The research team established a photon propagation symmetry model, did not adopt the traditional electronic training backpropagation paradigm, turning the "back" to "forward".
This new paradigm has freed itself from the strict alignment of forward-backward optical field propagation, based on a universal optical computing in-situ training system, breaking through the constraints of electronic training architecture on physical optical computing.
The research provides the field of optical computing with a precise and efficient training method for large-scale neural networks, provides new ideas for the design and development of intelligent optical computing systems, and opens up new boundaries for the computing power of light.The reviewer of the study commented: "The ideas proposed in this paper are very innovative, and the training process of such optical neural networks is unprecedented. The method proposed by the authors is not only effective but also easy to implement. Therefore, it is expected to become a widely adopted tool for training optical neural networks and other optical computing systems."
Advertisement
Recently, the related paper was published in Nature under the title "Fully forward mode training for optical neural networks" [1].

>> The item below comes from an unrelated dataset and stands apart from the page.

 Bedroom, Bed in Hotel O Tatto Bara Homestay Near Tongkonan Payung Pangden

Tsinghua University doctoral student Xue Zhiwei and postdoctoral fellow Zhou Tiankuang are the co-first authors, Professor Fang Lu and Professor Dai Qionghai serve as co-corresponding authors. Tsinghua University doctoral student Xu Zhihao and Dr. Yu Shaoliang from Zhijiang Laboratory participated in this research.

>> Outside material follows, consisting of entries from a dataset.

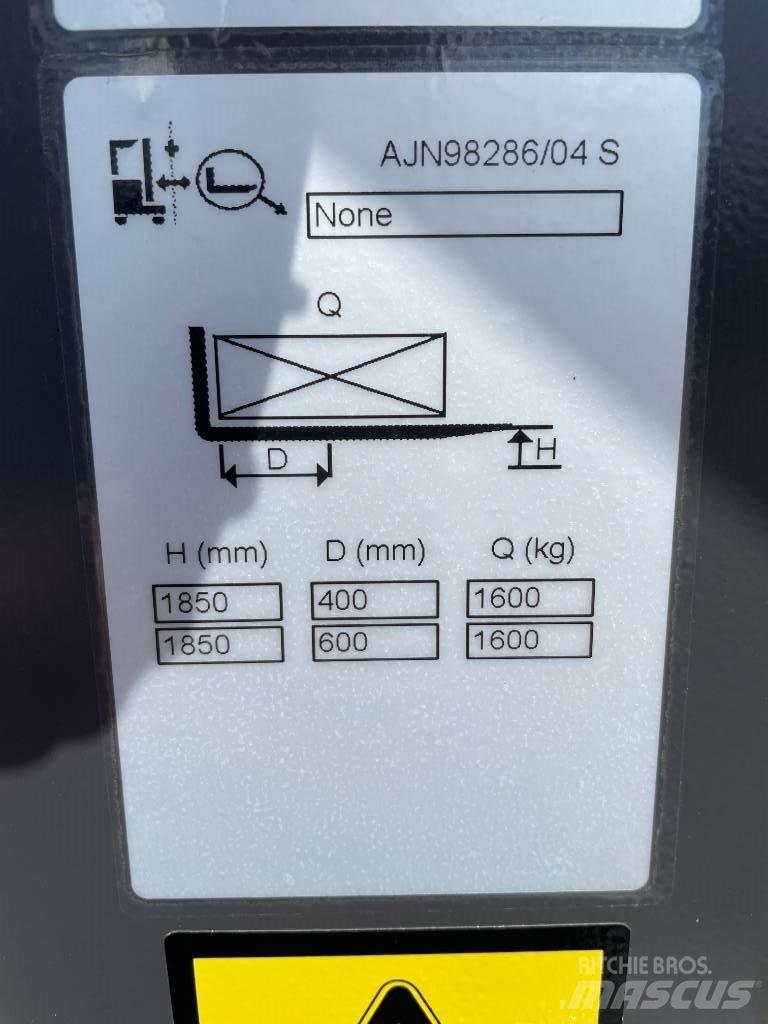Atlet A160 Ajettavat pinoamisvaunut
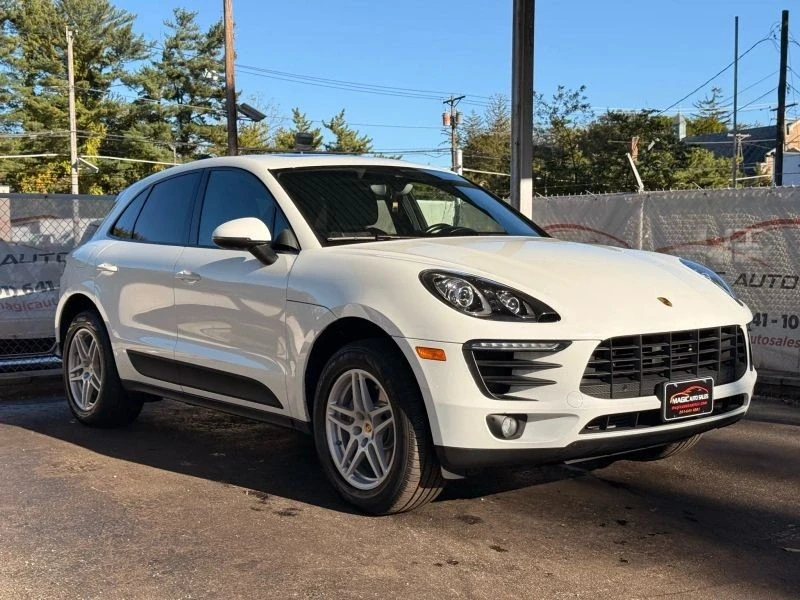 2018 Porsche Macan - Image 6 of 12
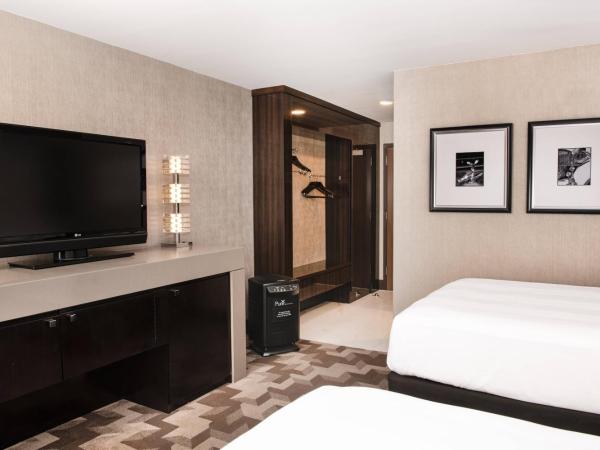 Beverly Hills Marriott : photo 1 de la chambre chambre 2 lits doubles pour personnes souffrant d'allergies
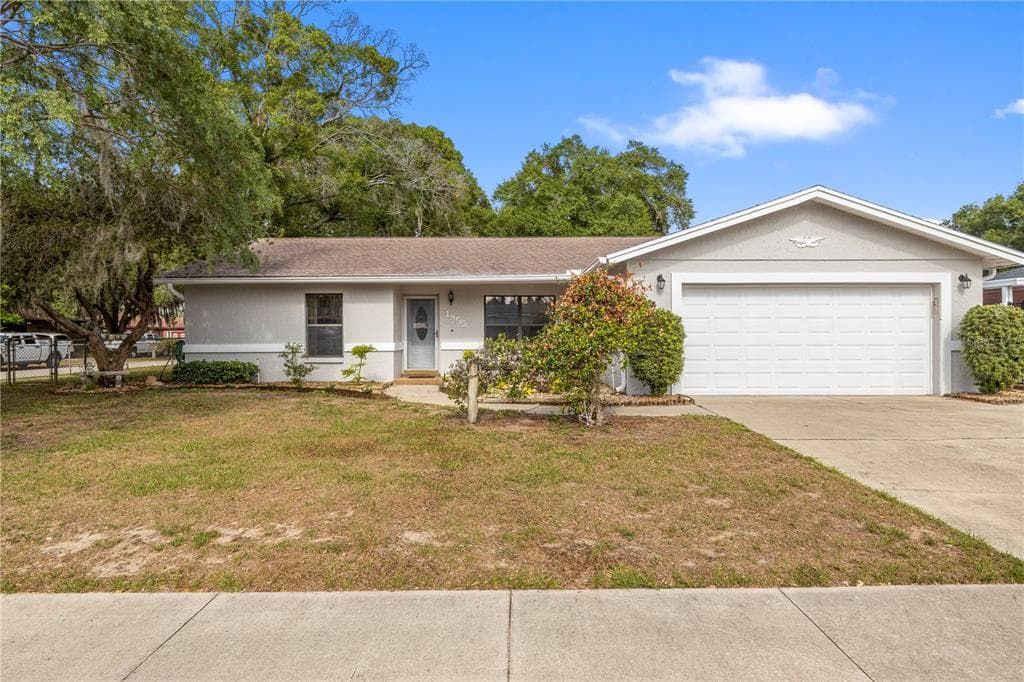 1855 KIM ACRES LANE DOVER, FL 33527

Unleashing the "training power" of intelligent optical computing.In recent years, with the rapid development and widespread application of AI large models such as ChatGPT, Sora, and Llama, there has been an increasing demand for computational power.
Training a typical neural network requires hundreds of thousands to tens of millions of parameters, while the parameter volume of large models can reach several billion.
Electronic computing chips have always supported the continuous development of model scales, but an inescapable issue is that high computational power under electronic computing architecture also means high energy consumption.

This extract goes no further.